Zhejiang Great Southeast Corp.Ltd (002263.SZ) - Growth Opportunities
Zhejiang Great Southeast Corp.Ltd (002263.SZ) is positioning its product and capacity roadmap to capture accelerating demand in lithium battery films, solar encapsulation films and flexible packaging. Recent strategic moves and investments point to several concrete growth vectors that can reshape revenue mix and margins over the next 3-5 years.- Shift into high-growth adjacent markets: expanding from traditional packaging films into lithium battery separator/functional films and photovoltaic (PV) encapsulation films.
- Geographic and sector diversification: targeting new industrial customers in renewables, EV battery manufacturers, and consumer electronics.
- Operational scaling: capacity additions and targeted efficiency projects intended to raise utilization and lower per-unit costs.
- EV and battery growth: China's EV production and battery manufacturing capacity continue to grow at double-digit rates, increasing demand for high-performance battery films.

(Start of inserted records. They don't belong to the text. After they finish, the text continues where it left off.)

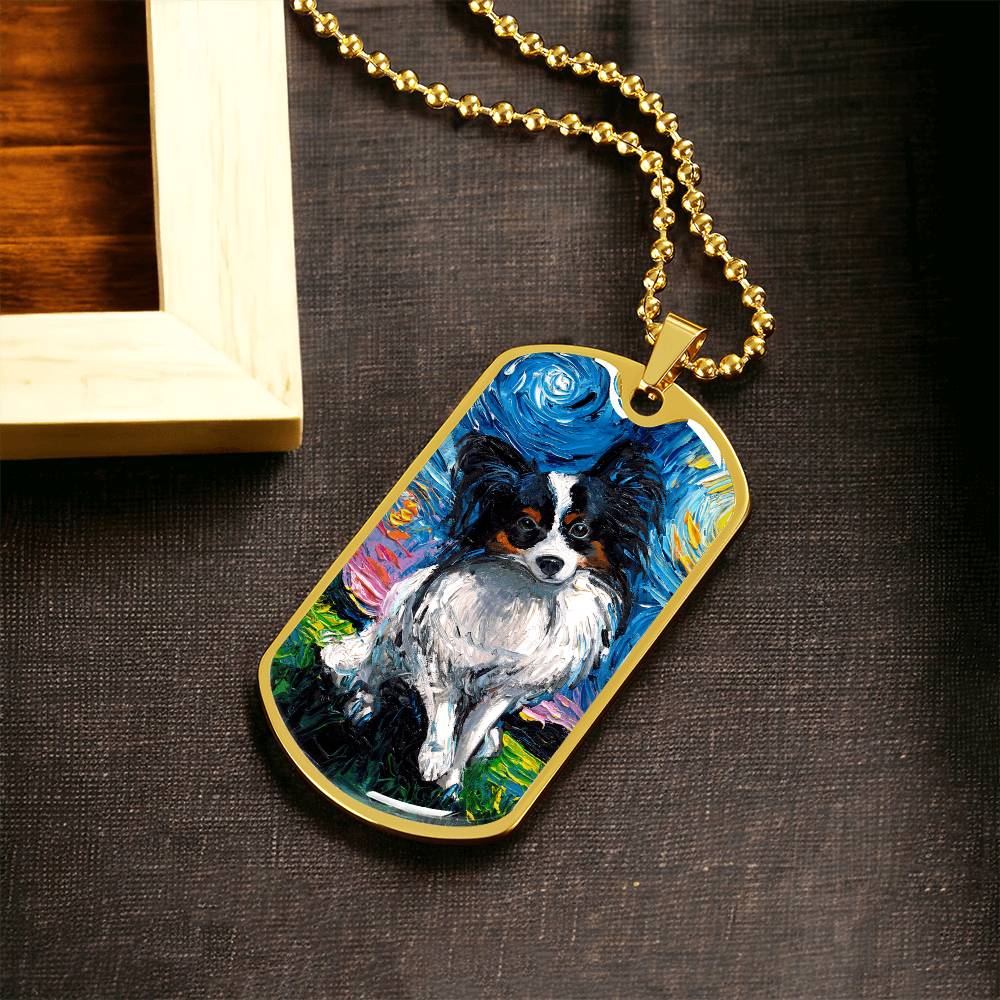 Papillon Starry Night Dog Tag Necklace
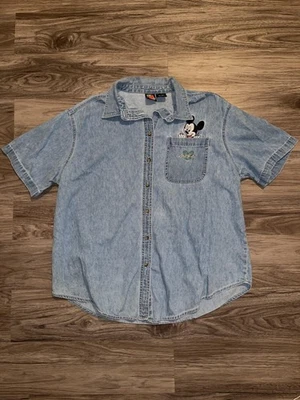 Camisa Vintage Disney Mickey Unlimited Mujer 18W 20W Azul Denim Manga Corta Años 90 Foto 1 de 4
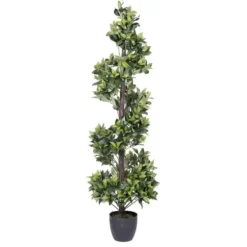 Trees & Topiaries-Kirkland's Home Bay Leaf Spiral Potted Tree, 60 In.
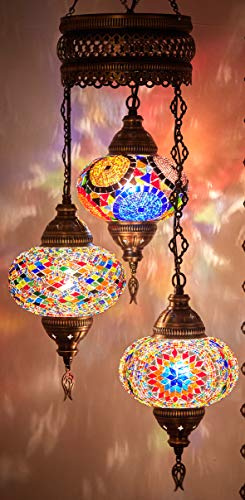 Türkische marokkanische Mosaik-Deckenleuchte, Hardwired, handgefertigt, mit 3 Luftballons, Mosaikglas, Boho-Stil, Höhe 105 cm, mehrfarbig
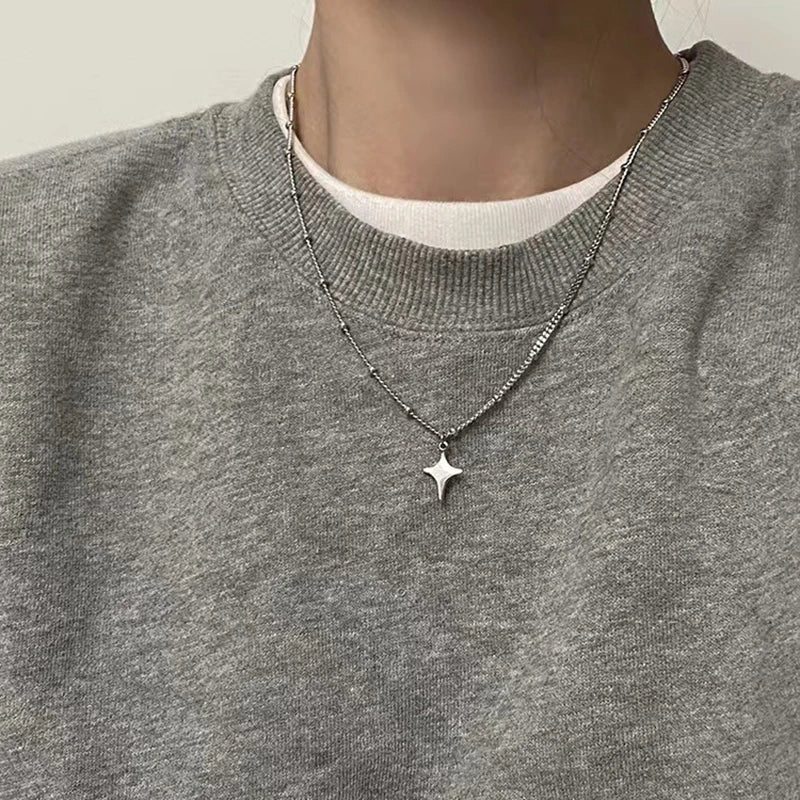Star Choker Necklace – Titanium Steel Pendant Chain Unisex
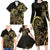 Gold And Black Aoteara Horse Racing Family Matching Long Sleeve Bodycon Dress and Hawaiian Shirt NZ Maori Pattern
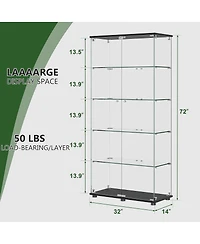 Streamdale Furniture Glass Display Cabinet with Lock, 5-Shelf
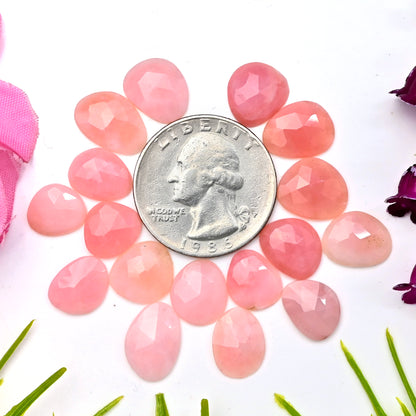 26.3cts Peruvian Pink Opal Rose Cut Cabochon 10x12mm - 9x11mm AA Grade Gemstone Parcel - Total 17 Pcs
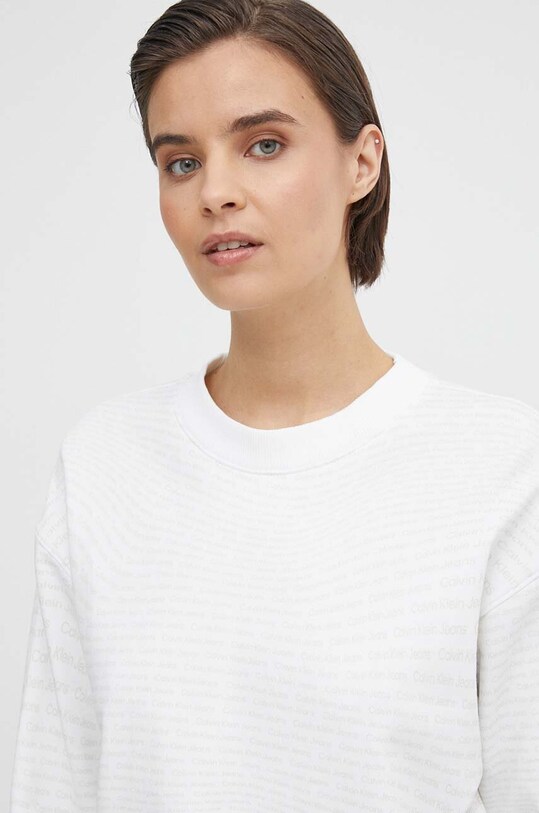 Calvin Klein Jeans hanorac de bumbac alb J20J223072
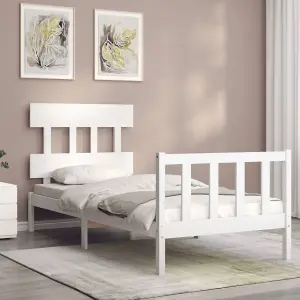 Berkfield Bed Frame with Headboard White Single Solid Wood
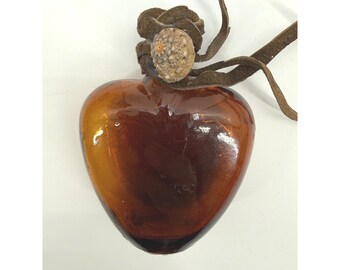 Paul Masson Amber Brown Glass Heart-shaped Potion Bottle + Seagrass Basket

- PV installations and BIPV trends: increasing rooftop and distributed PV installations create structural demand for encapsulation materials with long lifetime and reliability.
- Flexible packaging demand: e-commerce and FMCG trends in Southeast Asia and Africa present long-term volume upside for flexible packaging specialties.
| Metric | 2021 | 2022 | 2023 |
|---|---|---|---|
| Revenue (CNY, bn) | 2.1 | 2.7 | 3.2 |
| Net profit (CNY, mn) | 140 | 190 | 240 |
| Gross margin (%) | 15.5 | 16.8 | 18.0 |
| R&D expense (CNY, mn) | 28 | 36 | 52 |
| CapEx announced/committed (2023-24, CNY, mn) | ~400 | ||
| Installed film capacity (tonnes/year) | 35,000 | 38,000 | 45,000 |
- Planned or completed capacity expansions focused on specialty films - estimated incremental capacity ~7,000 tonnes/year added in 2023-24.
- Process upgrades and automation projects aimed at reducing scrap rates and improving energy efficiency, with target EBITDA uplift of 200-300 bps on specialty lines.
- R&D ramp: higher R&D spend to accelerate qualification of lithium-battery-grade and PV-encapsulation film products for tier-1 customers.
- China's industrial policies supporting EV supply chains and renewable deployment can favor domestic suppliers of battery and PV materials through incentives, procurement preferences, or localized content rules.
- Potential stimulus for advanced materials and high-value manufacturing could accelerate adoption of domestically produced specialty films.
- Strategic collaborations with battery cell makers and PV module manufacturers - pilot supply agreements and joint qualification projects reduce commercialization risk and shorten sales cycles.
- Licensing or co-development of surface treatments, barrier layers and adhesive systems for encapsulation and battery performance enhancements.
- Revenue mix shift toward higher-margin specialty films could raise consolidated gross margins and improve cash flow generation if ramp meets timelines.
- Near-term capex raises leverage but is expected to be offset by margin expansion and volume growth over 24-36 months.
- Execution risk is centered on product qualification cycles, competitive pricing pressure, and raw-material cost volatility.